OK — enough about the background and technical mumbo jumbo of the classification trees. Let's get some real data and take it through its paces with WEKA.
The data set we'll use for our classification example will focus on our fictional BMW dealership. The dealership is starting a promotional campaign, whereby it is trying to push a two-year extended warranty to its past customers. The dealership has done this before and has gathered 4,500 data points from past sales of extended warranties. The attributes in the data set are:
- Income bracket [0=$0-$30k, 1=$31k-$40k, 2=$41k-$60k, 3=$61k-$75k, 4=$76k-$100k, 5=$101k-$150k, 6=$151k-$500k, 7=$501k+]
- Year/month first BMW bought
- Year/month most recent BMW bought
- Whether they responded to the extended warranty offer in the past
Let's take a look at the Attribute-Relation File Format (ARFF) we'll use in this example.
Listing 2. Classification WEKA data
@attribute IncomeBracket {0,1,2,3,4,5,6,7} @attribute FirstPurchase numeric @attribute LastPurchase numeric @attribute responded {1,0} @data 4,200210,200601,0 5,200301,200601,1 ... |
Load the data file bmw-training.arff (see Download) into WEKA using the same steps we've used up to this point. Note: This file contains only 3,000 of the 4,500 records that the dealership has in its records. We need to divide up our records so some data instances are used to create the model, and some are used to test the model to ensure that we didn't overfit it. Your screen should look like Figure 1 after loading the data.
Figure 1. BMW classification data in WEKA
Like we did with the regression model in Part 1, we select the Classify tab, then we select the trees node, then the J48 leaf (I don't know why this is the official name, but go with it).
Figure 2. BMW classification algorithm
At this point, we are ready to create our model in WEKA. Ensure that Use training set is selected so we use the data set we just loaded to create our model. Click Start and let WEKA run.
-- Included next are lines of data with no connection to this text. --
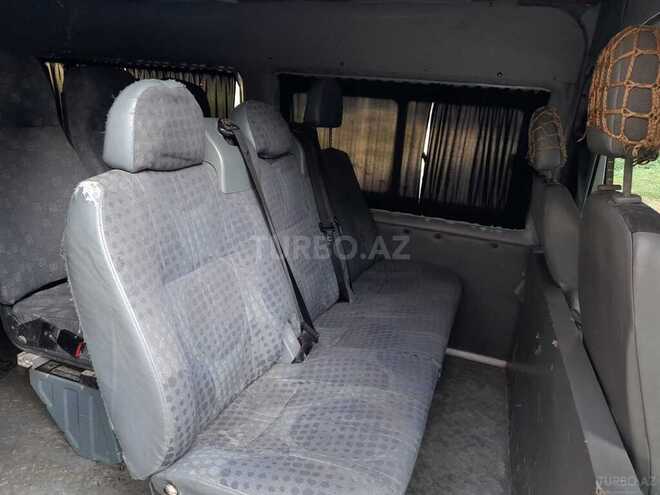 Ford Transit 2008, 160,000 km - 2.4 l - Bakı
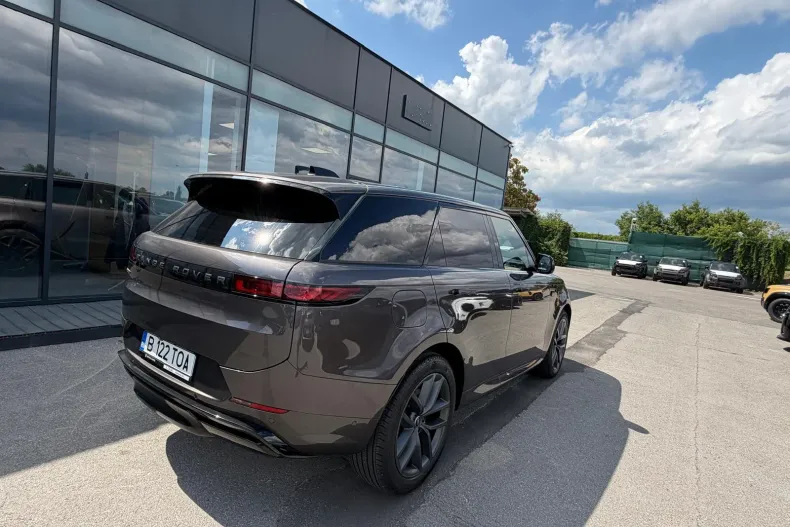 Land Rover Range Rover Sport din 2024 cu 22.000 km - oferta LAN240825 - foto 2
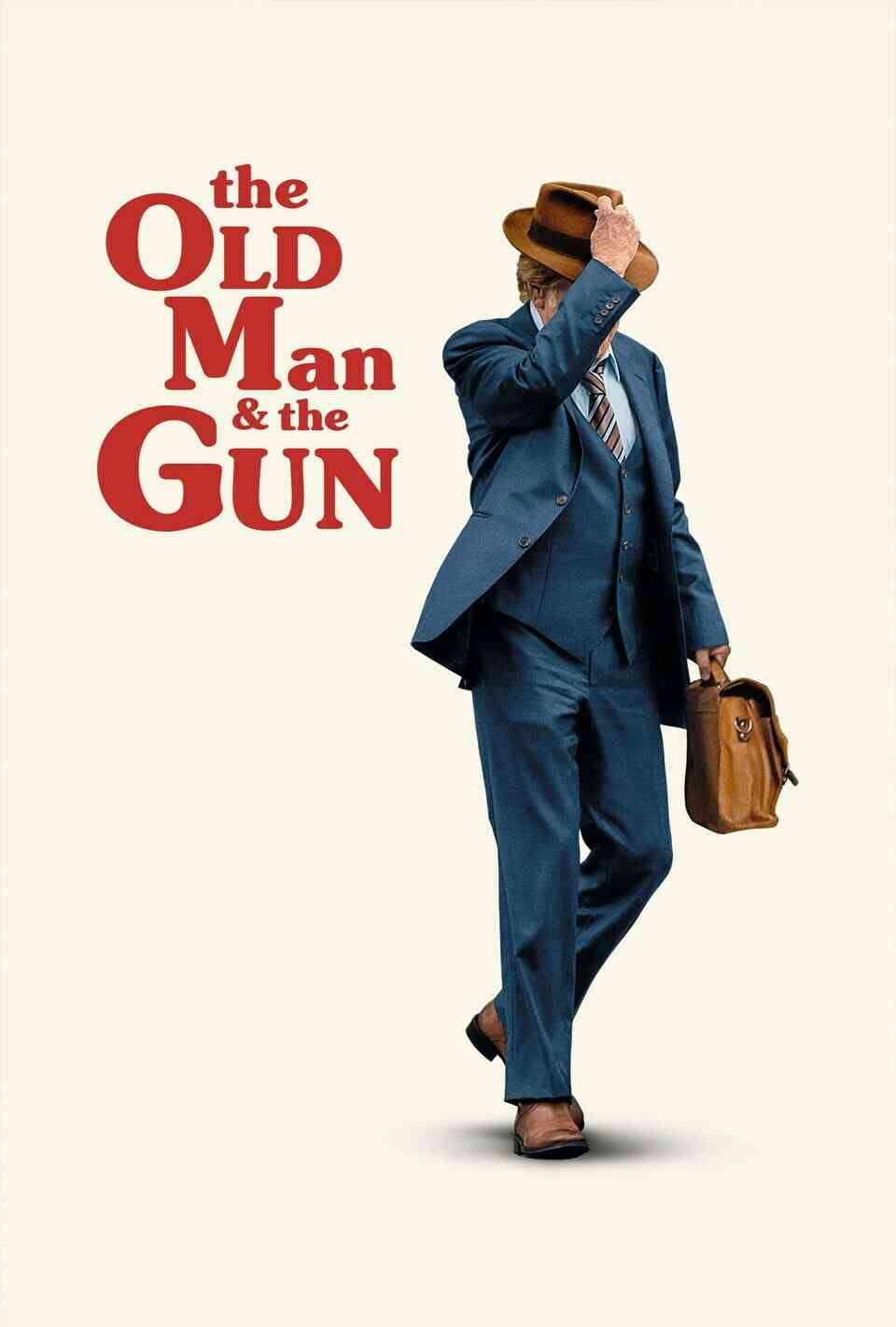 Read Old Man and the Gun screenplay (poster)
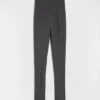 Leggings in lana elasticizzata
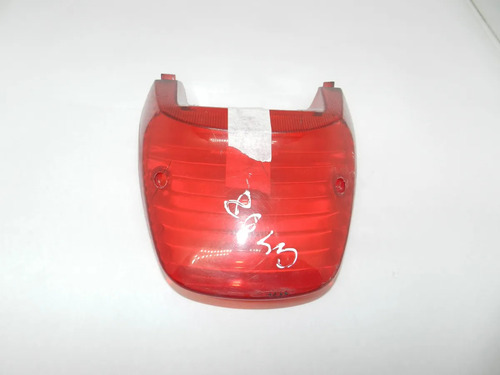 Capa Lanterna Traseira Honda Cg Titan Fan 125 2000 A 2008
The output from this model should look like the results in Listing 3.
Listing 3. Output from WEKA's classification model
Number of Leaves : 28 Size of the tree : 43 Time taken to build model: 0.18 seconds === Evaluation on training set === === Summary === Correctly Classified Instances 1774 59.1333 % Incorrectly Classified Instances 1226 40.8667 % Kappa statistic 0.1807 Mean absolute error 0.4773 Root mean squared error 0.4885 Relative absolute error 95.4768 % Root relative squared error 97.7122 % Total Number of Instances 3000 === Detailed Accuracy By Class === TP Rate FP Rate Precision Recall F-Measure ROC Area Class 0.662 0.481 0.587 0.662 0.622 0.616 1 0.519 0.338 0.597 0.519 0.555 0.616 0 Weighted Avg. 0.591 0.411 0.592 0.591 0.589 0.616 === Confusion Matrix === a b <-- classified as 1009 516 | a = 1 710 765 | b = 0 |
What do all these numbers mean? How do we know if this is a good model? Where is this so-called "tree" I'm supposed to be looking for? All good questions. Let's answer them one at a time:
- What do all these numbers mean? The important numbers to focus on here are the numbers next to the "Correctly Classified Instances" (59.1 percent) and the "Incorrectly Classified Instances" (40.9 percent). Other important numbers are in the "ROC Area" column, in the first row (the 0.616); I'll explain this number later, but keep it in mind. Finally, in the "Confusion Matrix," it shows you the number of false positives and false negatives. The false positives are 516, and the false negatives are 710 in this matrix.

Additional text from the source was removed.